ENAS is introduced by my mentor of my research on the classification of malignant thyroid nodules. This could be a good way to set the basic architecture of our net work. So I read this paper.
Efficient Neural Architecture Search via Parameter Sharing
https://arxiv.org/abs/1802.03268
Abstract
We propose Efficient Neural Architecture Search (ENAS), a fast and inexpensive approach for automatic model design.
Designing Recurrent Cells
Our search space includes an exponential number of configurations. Specifically, if the recurrent cell has N nodes and we allow 4 activation functions (namely tanh, ReLU, identity, and sigmoid), then the search space has 4 N × N! configurations.
- At node 1: The controller first samples an activation function. In our example, the controller chooses the tanh activation function, which means that node 1 of the recurrent cell should compute h1 = tanh (xt · W(x) + ht−1 · W1(h) ).
- At node 2: The controller then samples a previous index and an activation function. In our example, it chooses the previous index 1 and the activation function ReLU. Thus, node 2 of the cell computes h2 = ReLU(h1 · W2,1(h) ).
- At node 3: The controller again samples a previous index and an activation function. In our example, it chooses the previous index 2 and the activation function ReLU. Therefore, h3 = ReLU(h2 · W3,2(h)).
- At node 4: The controller again samples a previous index and an activation function. In our example, it chooses the previous index 1 and the activation function tanh, leading to h4 = tanh (h1 · W4,1(h)).
- For the output, we simply average all the loose ends, i.e. the nodes that are not selected as inputs to any other nodes.
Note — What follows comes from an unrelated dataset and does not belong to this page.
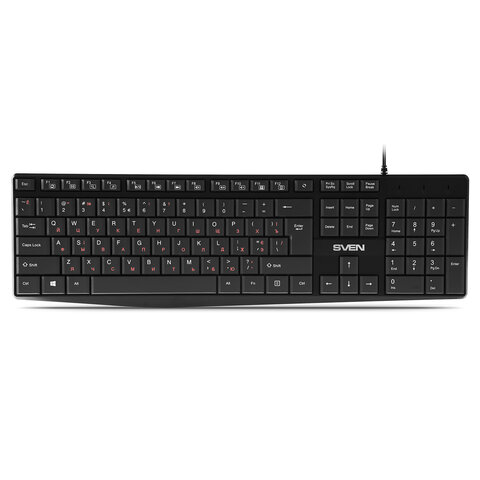 Клавиатура проводная SVEN KB-S305, USB, 105 кнопок, SV-018801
In our example, since the indices 3 and 4 were never sampled to be the input for any node, the recurrent cell uses their average (h3 + h4)/2 as its output. In other words, ht = (h3 + h4)/2.
Controller
ENAS’s controller is an RNN that decides: 1) which edges are activated and 2) which computations are performed at each node in the DAG. Our controller network is an LSTM with 100 hidden units.
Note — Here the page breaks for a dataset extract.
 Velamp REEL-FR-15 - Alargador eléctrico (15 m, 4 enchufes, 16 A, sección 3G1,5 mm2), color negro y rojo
Training ENAS and Deriving Architecture
The training procedure of ENAS consists of two interleaving phases. The first phase trains ω, the shared parameters of the child models, on a whole pass through the training data set. The second phase trains θ, the parameters of the controller LSTM, for a fixed number of steps, typically set to 2000 in our experiments.
Designing Convolutional Networks
The controller RNN also samples two sets of decisions at each decision block: 1) what previous nodes to connect to and 2) what computation operation to use.
Designing Convolutional Cells
Rather than designing the entire convolutional network, one can design smaller modules and then connect them together to form a network.
- Nodes 1, 2 are input nodes, so no decisions are needed for them. Let h1, h2 be the outputs of these nodes.
- At node 3: the controller samples two previous nodes and two operations. In Figure 5 Top Left, it samples node 2, node 2, separable conv 5x5, and identity. This means that h3 = sep conv 5x5(h2) + id(h2).
- At node 4: the controller samples node 3, node 1, avg pool 3x3, and sep conv 3x3. This means that h4 = avg pool 3x3(h3) + sep conv 3x3(h1).
- Since all nodes but h4 were used as inputs to at least another node, the only loose end, h4, is treated as the cell’s output. If there are multiple loose ends, they will be concatenated along the depth dimension to form the cell’s output.
P.S.
Actually, after reading this paper I only have the slightest understanding of this Net Work, and as for the details like what’s really going on when training, and how do those parameters in one unit change and cast influence on another unit, they still seem quite unclear to me.
https://github.com/shibuiwilliam/ENAS-Keras This is Keras implementation of ENAS. I ran the file ENAS_Keras_MNIST.ipynb on my workstation with 2 GPUs of 1080ti, and found that it requires days to finish running. Then, I ran it on my data set of thyroid nodules, it still finished only 1/3 of the work load in 24h. Apparently, it’s unrealistic to use this method to build my network for its training price is too high to afford. But still this method could come handy in the future.
Besides, while collecting information about this method, I find something called auto-Keras, which is based on ENAS. It can figure out a suitable network architecture for the data you input, and then you can do some improving work based on it. It’s an open source project. I think it’s an excellent way to start a new network. I will do some digging about it in the future days.